An Alberta Court of Queen’s Bench Justice has granted the City of Calgary a temporary injunction to help address ongoing protests in the Beltline and elsewhere in Calgary, effective starting Friday.
The City of Calgary applied for the temporary injunction on Friday due to the continuing and intensifying nature of the protests, raising concerns from city officials and police. The compounding impact of community disruptions, escalating behaviour and clear intentions from participants to continue were also cited as reasons for the temporary injunction.
The injunction prohibits protesters from:
- Blocking traffic on roads and on sidewalks, including walking in the middle of roadways and preventing vehicles and pedestrians from lawfully passing by or accessing amenities in the area.
- Gathering in a park which unreasonably disturbs the use or enjoyment of the park. This includes hosting events without a permit.
- Conducting commercial activity in a park, including the operation of vendor stands in Central Memorial Park or other areas without a permit.
- The unnecessary sounding of horns or other audible warning devices, including air horns and megaphones.
The injunction also grants law enforcement permission to arrest anybody who is violating the order if officers have reasonable grounds to believe so. The person can then be held in custody pending an appearance before the courts.
The injunction will remain in place until a permanent injunction application is heard by the court. Community protests and events can still occur if the organizers comply with city bylaw requirements and secure permits, which the city said participants failed to do.
The temporary injunction comes after participants clashed with counter-protesters in the Beltline on Saturday, which created a blockage on 17 Avenue for around an hour.
The weekly protests were initially against the public health measures, then the COVID-19 vaccine and then the government as a whole.
Calgary police say officers have been engaging with organizers to set clear expectations now that the temporary injunction has been granted. Police are also prepared to enforce the temporary injunction before, during and after the event by using tactics such as road closures.
Police are prepared to arrest anybody violating the terms laid out in the injunction, Chief Mark Neufeld said.
“There will be no marching tomorrow, there will be no mobile protest and there will be nobody behaving that way in the Beltline,” Neufeld said during a special Calgary Police Commission meeting on Friday.
Mayor Jyoti Gondek said she is pleased that the injunction was granted, applauding the leadership from the City of Calgary in applying for the injunction.
“I’m pleased that this injunction was granted and will allow the Calgary Police Service to have another tool available to effectively address ongoing disruptions in the Beltline community,” Mayor Jyoti Gondek said in a statement on Friday.
“The ongoing protests in the Beltline have greatly impacted and compromised the safety, well-being and daily life of residents, visitors and businesses.”
The Beltline Neighbourhoods Association also supported the injunction, encouraging people who were planning on counter-protesting on Saturday to come and visit businesses that were affected by the protests.
“By enjoying the Beltline together, we reclaim it for our residents and all Calgarians,” wrote the association in a tweet on Friday.

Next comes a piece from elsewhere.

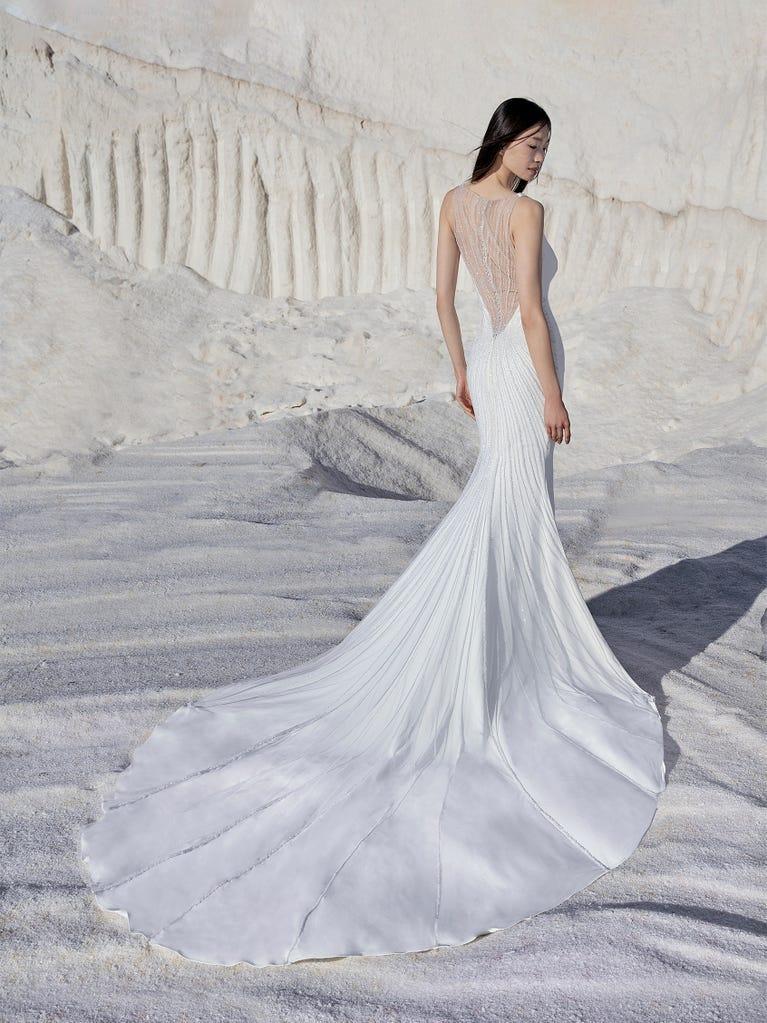 pronovias SUNSHINE | Vestido de novia sirena con escote de pico | Pronovias Ventas relámpago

But a spokesperson for Community Solidarity YYC, the group holding the counter-protests, cast doubt on the CPS’ abilities to address the protests.
“We remain doubtful that the CPS will meaningfully address the activities of the “Freedom” parade… We will be peacefully assembling at Lougheed House tomorrow at 1pm. We intend to discuss the impacts these ongoing hate parades have had on residents.
Calgary Police Commission chair Shawn Cornett said Calgarians need to hold CPS accountable and the commission will be amplifying that work after this weekend.
“We need to make sure that people see that we are doing the work that we’ve had been appointed to do,” Cornett said.
“If the Calgary Police are unwilling to protect residents yet again, it is highly likely that attendees will consider a response,” Hunter Yaworski, Community Solidarity YYC spokesperson, said.
Jake Eskesen, a spokesperson of the so-called “freedom” protesters, said the injunction is an example of “unprecedented anti-democratic actions” taken by the City of Calgary.
“The injunction will not deter those who wish to exercise their charter rights. We are prepared for enforcement, protesters have dealt with it in the past and it never weakened our resolve,” Eskesen said.
CPS aware of alleged white supremacist ties
Neufeld said CPS is aware that some participants in previous protests have connections to white supremacist groups.
“When we have had knowledge of individuals from those types of groups participating in these protests, there has been attention paid to them,” Neufeld said.
The comment comes after various social media posts reported a protestor allegedly donning patches belonging to Diagolon, an accelerationist and neo-fascist militia with a sizeable support base across Canada, according to the Canadian Anti-Hate Network.
It also comes after several social media reports of vendors allegedly handing out and selling white supremacist paraphernalia.
When asked what efforts are being made to minimize harm towards Black, Indigenous and other racialized residents, Neufeld said attention has been paid to these individuals.
“If any individuals commit an offence that would have been arrestable… We would certainly look to do that,” Neufeld said.